Insecticide Strategies May Worsen Dengue Epidemics

Such approaches increase insecticide resistance, researchers say

TUESDAY, May 3 (HealthDay News) -- Insecticide-based strategies for dengue control may result in worse future epidemics due to increased insecticide resistance and lower herd immunity, according to research published online May 3 in The Lancet.

Paula Mendes Luz, Ph.D., of the Yale University School of Medicine in New Haven, Conn., and colleagues developed a dynamic model of dengue transmission to assess the evolution of insecticide resistance and immunity in the human population.

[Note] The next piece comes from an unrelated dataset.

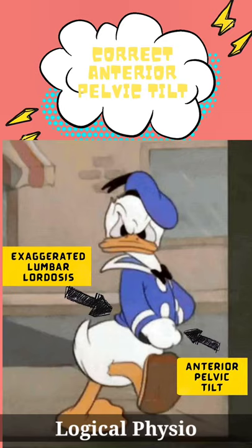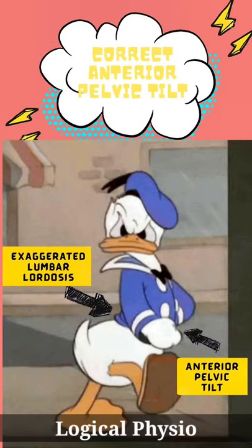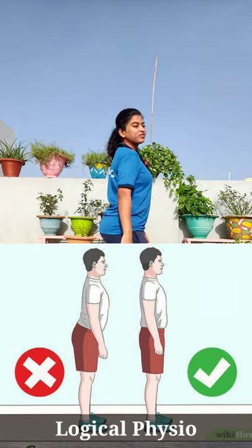Following are the corrective exercises for anterior pelvic tilt. Watch carefully and follow the sequence.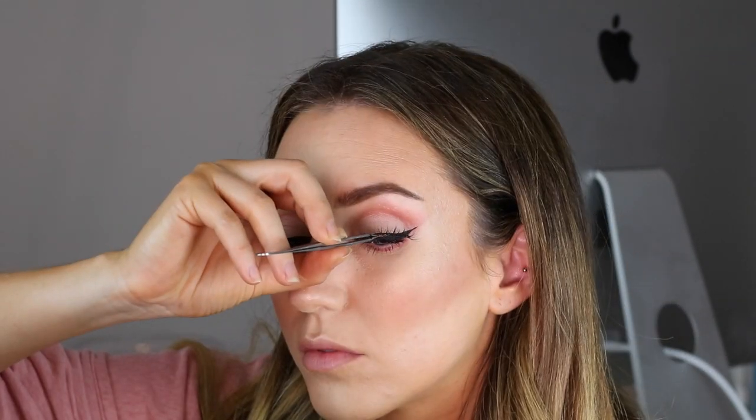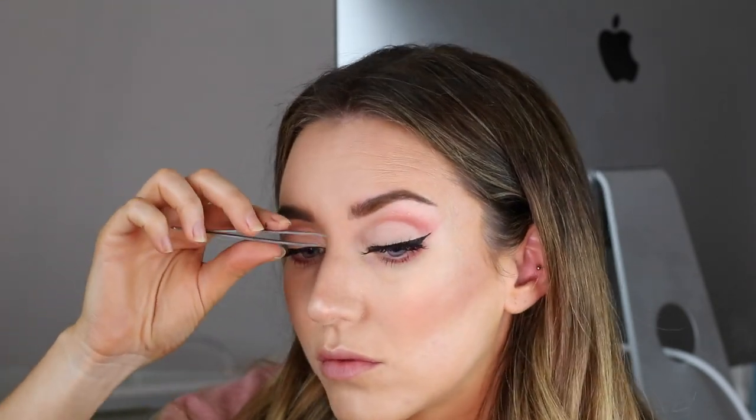The lashes we're going for are the Lily Lashes Goddess Lashes. I'm using the Duo Lash Glue because it's black and I feel it just dries and holds better. Last of all for the lips, I'm going to line using the Clarins Lip Liner Pencil in 06 Red, and then on the lips I'm going with Too Faced Melted Matte in Cold Lady Balls.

They measured the dengue health burden in terms of disability-adjusted life-years lost and performed cost-effectiveness analyses of 43 insecticide-based vector control strategies.

The researchers found that all strategies resulted in insecticide resistance. That, together with a loss of herd immunity, will result in worse dengue epidemics in the future, the authors predict. In their model, high-efficacy larval control, applied at least once yearly, reduced the dengue burden up to two years, while adult vector control applied three or more times yearly reduced the dengue burden up to four years. The authors concluded that six high-efficacy adult vector control applications yearly would probably meet standards of cost-effectiveness established by the World Health Organization.

"Year-round larval control can be counterproductive, exacerbating epidemics in later years because of evolution of insecticide resistance and loss of herd immunity. We suggest the reassessment of vector control policies that are based on larval control only," the authors write.